Quantum gates between capacitively coupled double quantum dot two-spin qubits

TL;DR

This paper explores how to implement two-qubit controlled-NOT gates using spin states of electrons in double quantum dots, leveraging Coulomb interactions and electrical tuning for entanglement.

Contribution

It introduces a method for realizing entangling gates by tuning bias and tunneling within double quantum dot qubits, controlled via Coulomb interactions.

Findings

Entangling gates can be achieved through electrical biasing and tunneling tuning.

Gate operation is controlled by resonance between singlet states.

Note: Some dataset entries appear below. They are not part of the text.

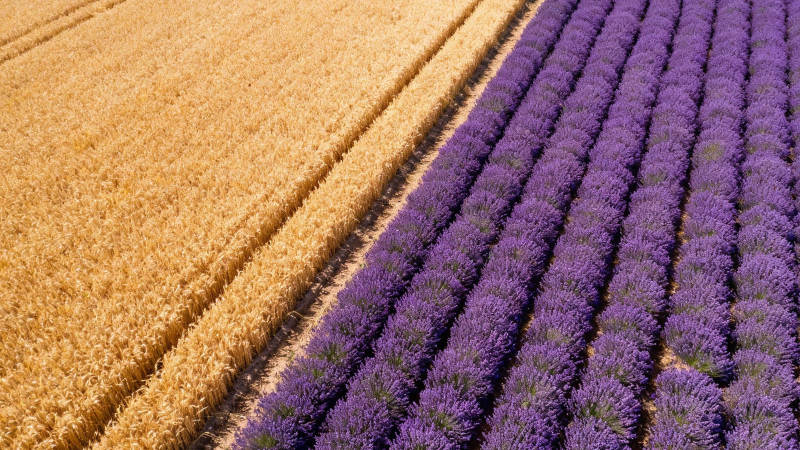 金麦紫薰 田野双色画卷图片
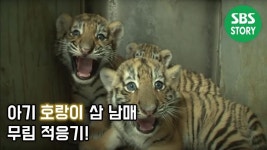 익스트림무비 - 귀여운 아기 호랑이 사진들 모음 (스압주의)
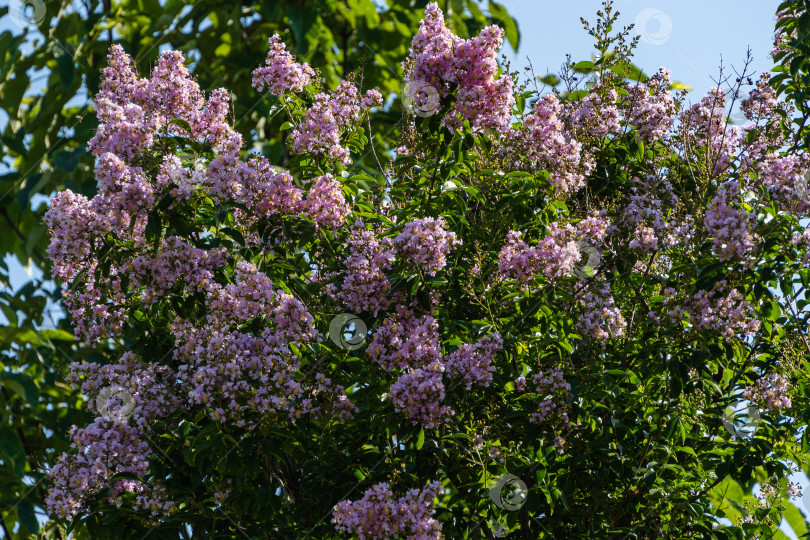 Скачать Цветение мирта обыкновенного (Lagerstroemia indica) розовыми цветами в ландшафтном парке "Краснодар". Крупный план. Соцветия розовых цветов на размытом фоне. Выборочный фокус. Лето 2021 года. фотосток Ozero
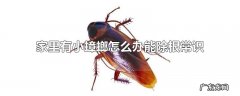 家里有小蟑螂怎么办能除根常识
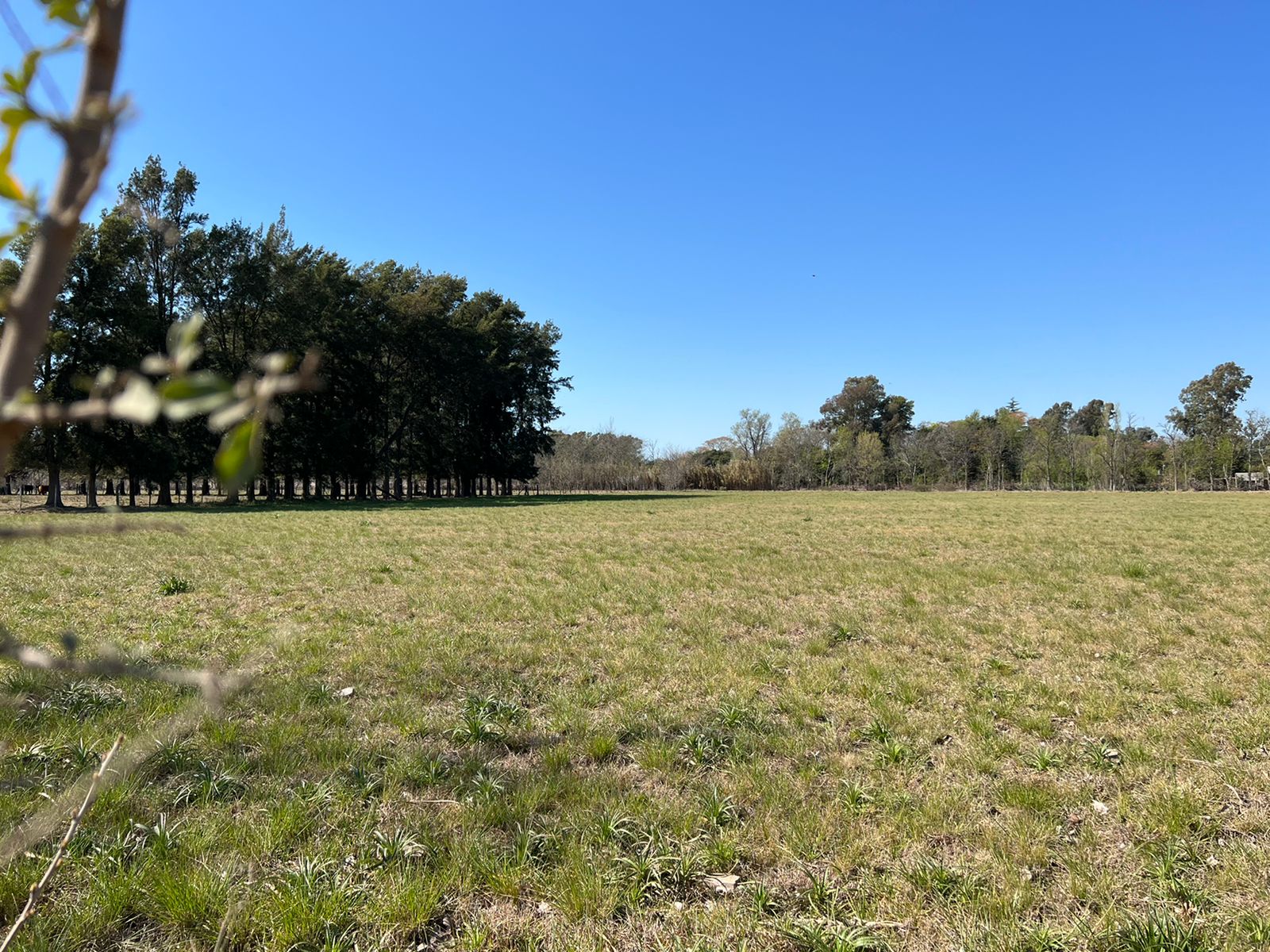 Se Vende Lote para Sudividir, foto 9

Coulomb repulsion mediates the qubit interaction.

Abstract

We study the two-qubit controlled-not gate operating on qubits encoded in the spin state of a pair of electrons in a double quantum dot. We assume that the electrons can tunnel between the two quantum dots encoding a single qubit, while tunneling between the quantum dots that belong to different qubits is forbidden. Therefore, the two qubits interact exclusively through the direct Coulomb repulsion of the electrons. We find that entangling two-qubit gates can be performed by the electrical biasing of quantum dots and/or tuning of the tunneling matrix elements between the quantum dots within the qubits. The entangling interaction can be controlled by tuning the bias through the resonance between the singly-occupied and doubly-occupied singlet ground states of a double quantum dot.